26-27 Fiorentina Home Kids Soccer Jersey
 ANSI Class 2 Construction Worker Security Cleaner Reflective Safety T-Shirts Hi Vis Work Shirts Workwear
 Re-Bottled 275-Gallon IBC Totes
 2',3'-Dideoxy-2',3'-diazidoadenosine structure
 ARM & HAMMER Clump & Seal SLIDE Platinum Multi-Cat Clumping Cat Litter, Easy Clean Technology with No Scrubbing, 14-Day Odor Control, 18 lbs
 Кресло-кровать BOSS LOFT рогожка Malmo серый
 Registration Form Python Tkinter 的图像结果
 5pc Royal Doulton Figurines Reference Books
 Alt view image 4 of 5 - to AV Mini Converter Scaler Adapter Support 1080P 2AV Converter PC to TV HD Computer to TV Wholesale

TASK GOAL: Repeat each line of the data above, exactly as it appears, from the first through the line that contains "2',3'-Dideoxy-2',3'-diazidoadenosine structure".

YOUR RESPONSE:
26-27 Fiorentina Home Kids Soccer Jersey
 ANSI Class 2 Construction Worker Security Cleaner Reflective Safety T-Shirts Hi Vis Work Shirts Workwear
 Re-Bottled 275-Gallon IBC Totes
 2',3'-Dideoxy-2',3'-diazidoadenosine structure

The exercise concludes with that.